- Current region: Uruguay
- Place of origin: French Basque Country, France
- Founded: 1865, Durazno Department; 161 years ago;
- Founder: Jacques Bordaberry
- Titles: List President of Uruguay; Senator of the Republic;

= Bordaberry family =

Uruguayan political family

The Bordaberry family is a Uruguayan political family that has been prominent in Uruguayan politics and the cattle industry. It is associated with the Colorado Party.

== History ==
The Bordaberry family originated in the French Basque Country region, France. The Uruguayan family branch is descended from Jacques Santiago Bordaberry Oyhamburu, who migrated from the commune of Pagolle to the rural area of the Durazno Department in 1865. There he began to work as a shepherd of flocks of sheep until he managed to acquire a plot of land northwest of the village of Carlos Reyles, which belonged to descendants of Fructuoso Rivera. He founded the "Santa María" ranch and became a stockgrower. In 1900 he began importing Hereford cattle from England.

In 1879, Bordaberry married Isabel Elissondo, who was also of French-Basque descent. They had five children: Santiago, Isabel, Maclovia, María and Domingo. In 1916 the family acquired the "El Paraíso" ranch, and in 1937 the first artificial insemination of sheep in South America was carried out there.
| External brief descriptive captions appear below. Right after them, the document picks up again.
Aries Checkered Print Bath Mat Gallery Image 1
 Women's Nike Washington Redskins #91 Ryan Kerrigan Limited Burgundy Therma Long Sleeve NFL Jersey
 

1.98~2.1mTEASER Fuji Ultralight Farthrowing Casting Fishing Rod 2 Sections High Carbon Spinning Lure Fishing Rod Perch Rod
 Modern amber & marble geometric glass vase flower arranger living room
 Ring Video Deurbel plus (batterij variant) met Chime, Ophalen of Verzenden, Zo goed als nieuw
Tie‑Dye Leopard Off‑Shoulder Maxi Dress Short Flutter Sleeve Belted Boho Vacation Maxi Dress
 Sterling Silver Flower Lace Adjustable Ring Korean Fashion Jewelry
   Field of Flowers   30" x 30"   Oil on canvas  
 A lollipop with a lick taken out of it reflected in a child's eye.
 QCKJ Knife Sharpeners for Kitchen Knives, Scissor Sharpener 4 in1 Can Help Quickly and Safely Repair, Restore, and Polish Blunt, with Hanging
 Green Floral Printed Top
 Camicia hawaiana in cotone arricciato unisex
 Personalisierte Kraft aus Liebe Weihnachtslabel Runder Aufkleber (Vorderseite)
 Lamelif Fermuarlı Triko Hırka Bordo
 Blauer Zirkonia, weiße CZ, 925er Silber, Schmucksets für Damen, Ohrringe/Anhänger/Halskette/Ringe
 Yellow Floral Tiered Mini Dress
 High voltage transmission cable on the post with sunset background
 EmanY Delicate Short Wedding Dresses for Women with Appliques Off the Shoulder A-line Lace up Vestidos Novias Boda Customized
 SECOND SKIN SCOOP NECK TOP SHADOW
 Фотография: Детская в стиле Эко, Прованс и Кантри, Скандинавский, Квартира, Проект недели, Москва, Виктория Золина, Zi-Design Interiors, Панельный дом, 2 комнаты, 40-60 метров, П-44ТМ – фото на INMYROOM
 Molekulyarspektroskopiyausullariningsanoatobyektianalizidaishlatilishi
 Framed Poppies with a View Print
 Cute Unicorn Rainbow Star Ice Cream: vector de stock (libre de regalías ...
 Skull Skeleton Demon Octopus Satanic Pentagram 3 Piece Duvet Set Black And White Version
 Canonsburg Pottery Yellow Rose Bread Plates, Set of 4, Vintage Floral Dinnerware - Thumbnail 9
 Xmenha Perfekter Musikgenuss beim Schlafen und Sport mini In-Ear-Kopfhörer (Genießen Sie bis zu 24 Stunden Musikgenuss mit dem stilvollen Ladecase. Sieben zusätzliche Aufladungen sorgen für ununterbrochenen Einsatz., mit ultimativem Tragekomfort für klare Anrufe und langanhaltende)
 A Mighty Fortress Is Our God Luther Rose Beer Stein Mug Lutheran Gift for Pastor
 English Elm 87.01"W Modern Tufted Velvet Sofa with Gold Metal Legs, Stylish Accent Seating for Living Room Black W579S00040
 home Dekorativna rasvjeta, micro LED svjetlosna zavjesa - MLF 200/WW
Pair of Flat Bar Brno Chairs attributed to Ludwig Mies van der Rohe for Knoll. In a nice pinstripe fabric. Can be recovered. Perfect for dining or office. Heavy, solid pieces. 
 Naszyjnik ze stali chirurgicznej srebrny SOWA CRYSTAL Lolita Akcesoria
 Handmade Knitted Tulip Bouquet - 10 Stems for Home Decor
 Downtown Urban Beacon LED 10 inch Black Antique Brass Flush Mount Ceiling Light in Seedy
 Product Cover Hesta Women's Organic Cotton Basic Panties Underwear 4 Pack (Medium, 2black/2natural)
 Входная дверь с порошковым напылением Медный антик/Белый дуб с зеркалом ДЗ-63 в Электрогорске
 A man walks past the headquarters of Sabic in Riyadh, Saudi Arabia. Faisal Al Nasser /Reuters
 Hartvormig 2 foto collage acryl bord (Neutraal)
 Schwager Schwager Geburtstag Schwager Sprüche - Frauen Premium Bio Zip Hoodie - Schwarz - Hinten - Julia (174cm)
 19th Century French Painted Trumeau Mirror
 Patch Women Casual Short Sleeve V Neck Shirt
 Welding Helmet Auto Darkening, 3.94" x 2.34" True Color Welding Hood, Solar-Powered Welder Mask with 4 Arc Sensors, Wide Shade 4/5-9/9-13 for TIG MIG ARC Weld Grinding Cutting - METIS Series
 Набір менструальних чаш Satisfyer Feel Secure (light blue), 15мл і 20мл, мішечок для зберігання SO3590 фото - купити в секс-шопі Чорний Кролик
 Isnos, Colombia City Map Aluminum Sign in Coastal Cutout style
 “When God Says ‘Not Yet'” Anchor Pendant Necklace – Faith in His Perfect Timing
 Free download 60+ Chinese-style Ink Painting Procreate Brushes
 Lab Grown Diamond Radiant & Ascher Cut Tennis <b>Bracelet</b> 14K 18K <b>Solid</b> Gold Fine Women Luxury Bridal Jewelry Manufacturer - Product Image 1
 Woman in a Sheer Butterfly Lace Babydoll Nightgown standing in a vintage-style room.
Domingo Bordaberry managed the family ranch as a stockgrower, as well as a lawyer and politician. A member of the Colorado Party, he belonged to the ruralist faction, which initiated the Bordaberry family's long association with rural affairs. He was married to Elisa Arocena Folle, with whom he had four children between 1927 and 1931, Domingo, Juan María, Luis Ignacio and Elisa.